Armonia cronosquadre
E’ in questa situazione che meglio di tutte si può apprezzare questo gesto tecnico. Vedere un team che gira bene in doppia fila è armonia totale, quasi un balletto itinerante sull’asfalto. I ragazzi neanche si guardano tra loro pur viaggiando sul filo dei 70 orari e tra una ruota posteriore e una anteriore ci sono appena 7-10 centimetri.
«Per una cronosquadre c’è anche una preparazione diversa. Oggi vediamo che d’inverno molti team provano questo esercizio. Inoltre tutti i corridori hanno la bici da crono e ci escono non meno di una volta a settimana, quindi sono anche abituati a condurre questa particolare bici.
«L’ideale è mettere un passista e un “non passista” (uno scalatore, un velocista…). Bisogna alternarli. Perché c’è un dogma da rispettare: non abbassare la velocità. Se s’inizia a fare l’elastico si spezza l’armonia e di sicuro qualcuno si stacca. Mai passare da 70 a 58 all’ora e ritornare a 68.

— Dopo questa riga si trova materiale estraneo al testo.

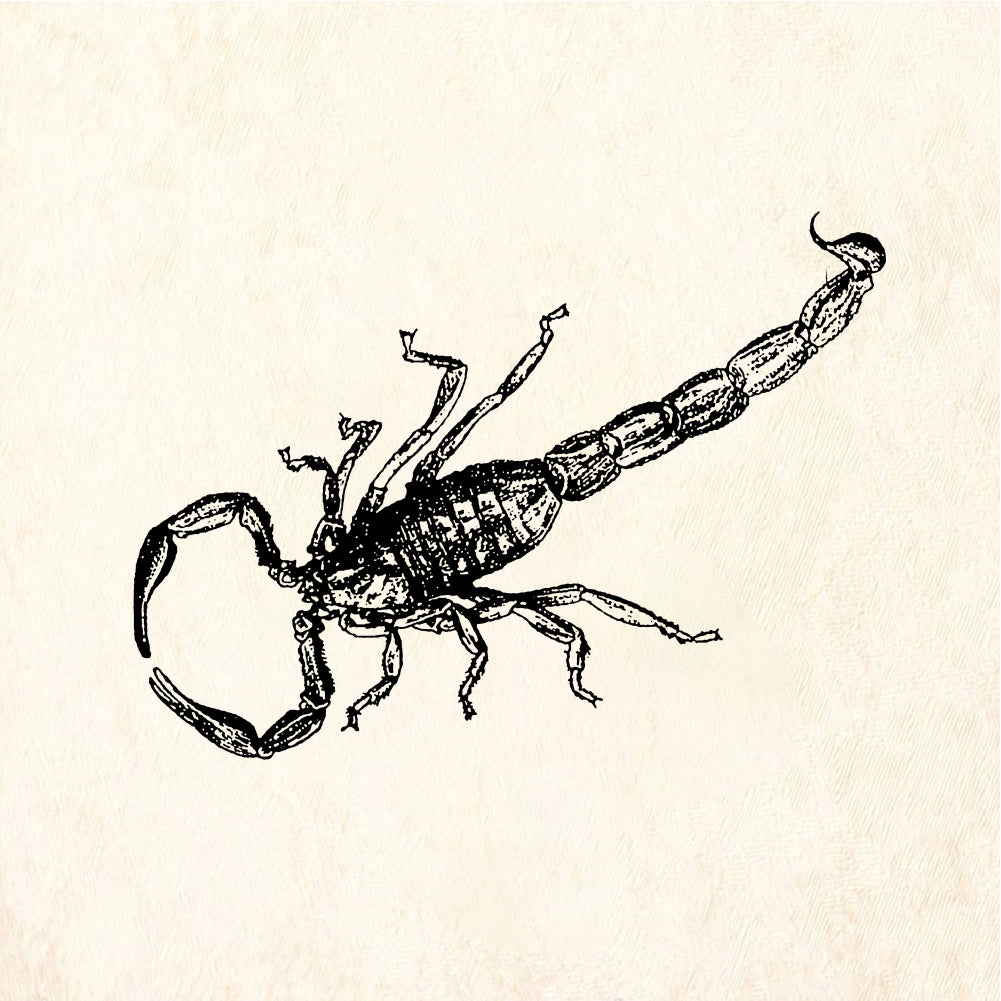 StampaFe Big scorpion Large Scorpion - Rubber Stamp 1.75 x 1.5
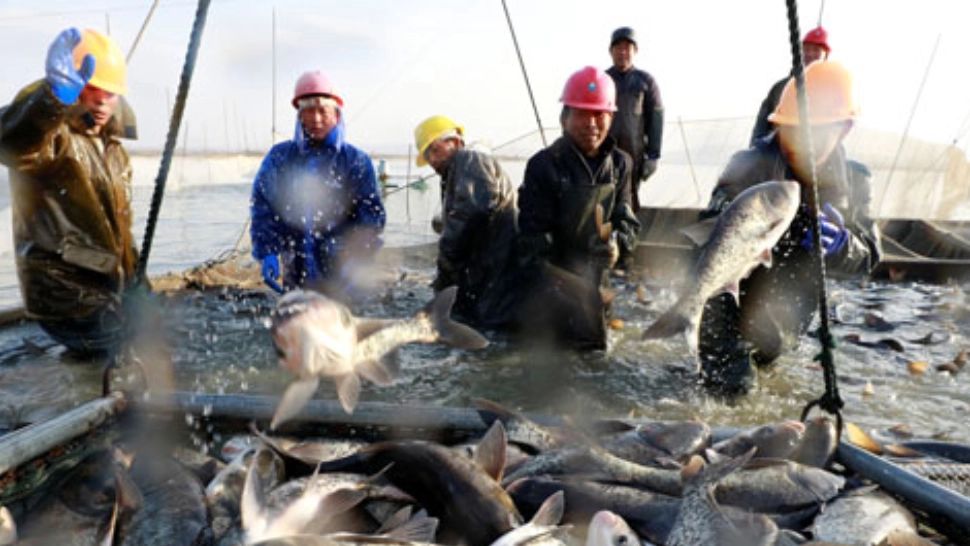 Cercetători chinezi au reuşit să crească peşti fără oase intramusculare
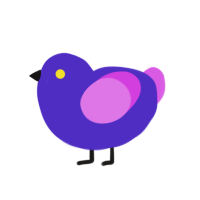 Shockwave, a indigo and orchid chicken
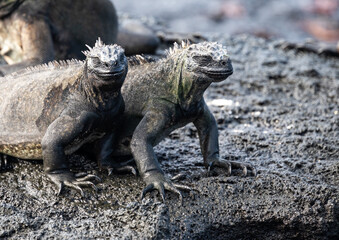 Twin grey iguanas stand side by side on a bare dark rocky surface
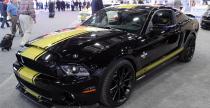 Shelby GT500 Super Snake  ShelbyGT350 Shelby GTS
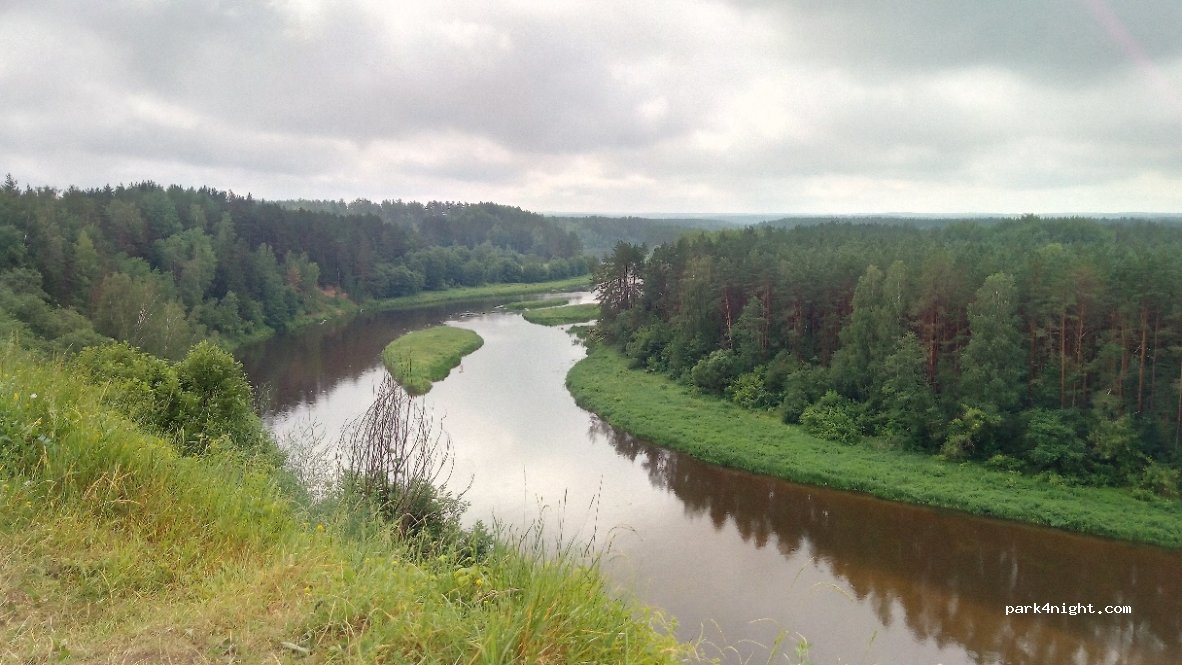 (18156) Punžionys - — foto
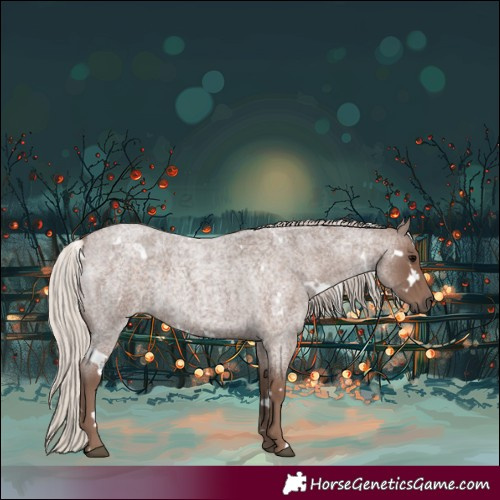 Horse Color:White Spotted Silver Blue Roan 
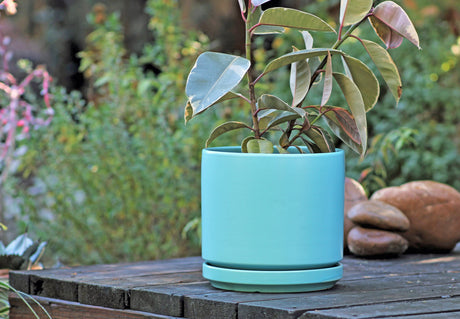 Mid Modern Planter With Detached Saucer "12.0" D x 10.5" H" By Plantatorem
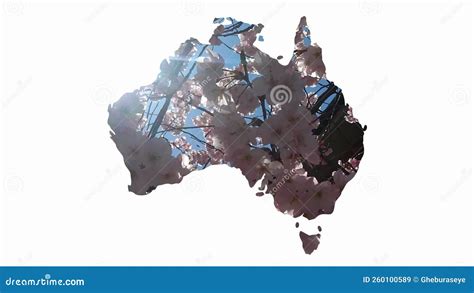 Artistic Australia, Colors, Patterned, Nation, Isolated. Stock Video ...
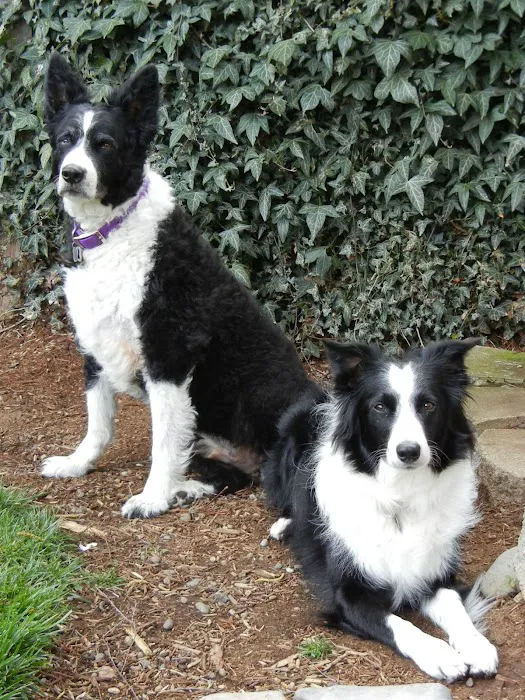 VCA Keizer Veterinary Hospital 12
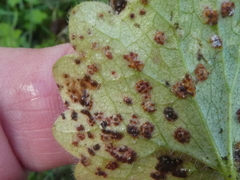 Puccinia glechomatis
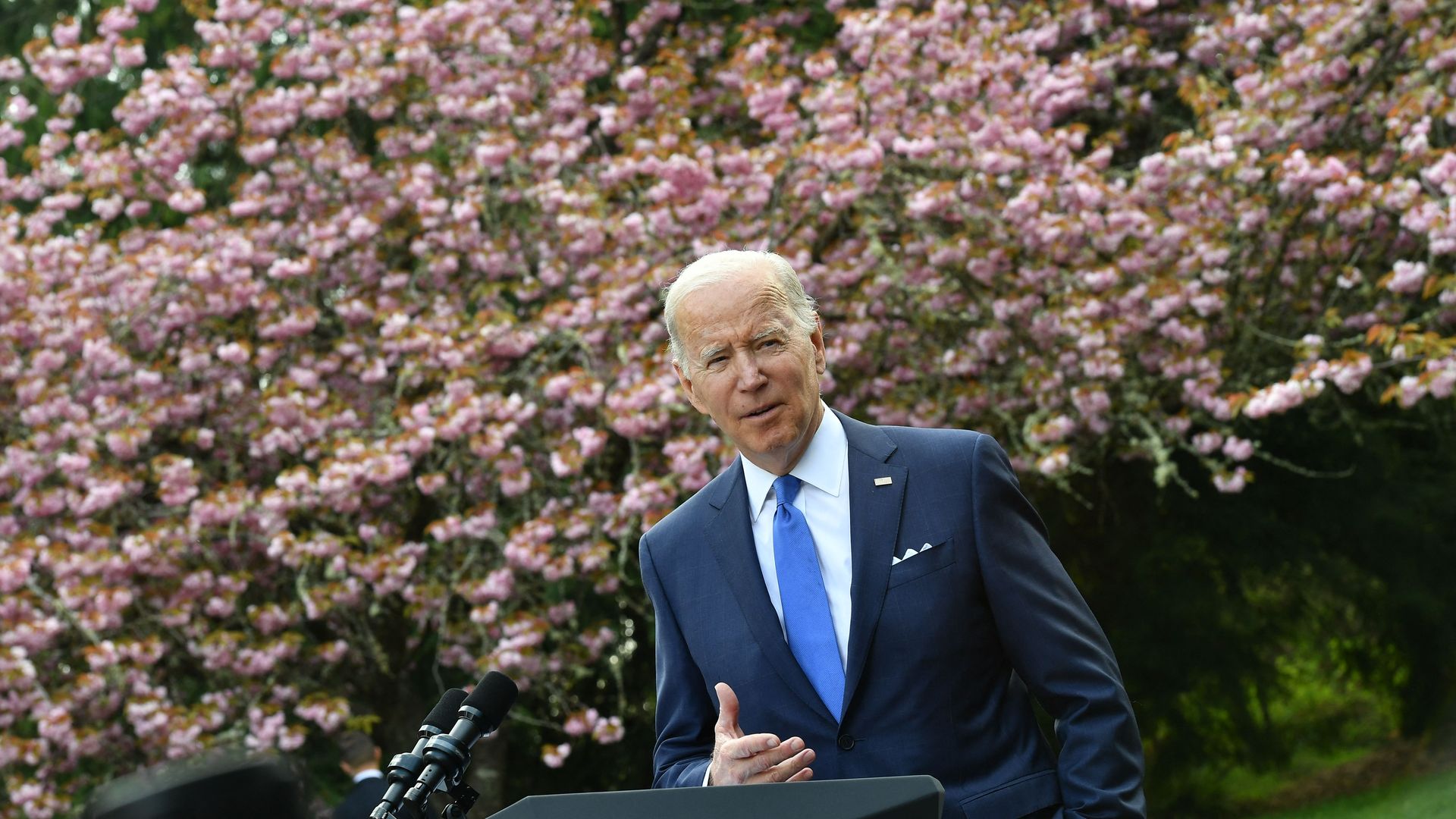 Photo of Joe Biden speaking with his right hand raised in front of him against the backdrop of cherry blossom trees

«Poi tanto dipende da chi tira. Io da ds ho avuto anche Ganna. Lui tirava anche per un chilometro, quello che lo seguiva faceva 200 metri per di non abbassare la velocità di Pippo. Ma era giusto così, in questo modo il treno viaggiava a ritmo costante. Se un corridore non ce la fa, meglio che salti un cambio o due, piuttosto che vada in testa e non possa mantenere la velocità».
Il momento del cambio
Ma il corridore in testa come capisce quando è il momento di spostarsi? Una volta si diceva di spingere forte quando quando il mozzo anteriore di chi doveva tirare era arrivato all’altezza di quello posteriore del corridore che si era appena spostato. E chi si spostava prima di “mollare” doveva aspettare quel paio di pedalate.
«No, chi cambia deve spostarsi in modo “secco” – spiega Scirea – e in quel momento chi segue capisce che tocca a lui. Deve spingere subito forte. Con il cambio “mezzo e mezzo” si rischia che chi segue non capisca bene che è il suo turno . Quell’incertezza crea un abbassamento della velocità (e anche un dispendio energetico, visto che comunque si prende più aria, ndr). Chi si sposta deve farlo in modo deciso e restare molto vicino ai compagni, andando indietro nel lato più ventoso così da proteggere la fila.
«Mentre va dietro, per i primi 2-3 corridori, a seconda di quanti sono, che gli sfilano a fianco deve accarezzare i pedali e poi deve riprendere a spingere. Deve riaccordarsi senza fare la volata, altrimenti fa un cambio o due, ma al terzo salta. Tra volata e tirata accumulerebbe troppo acido lattico».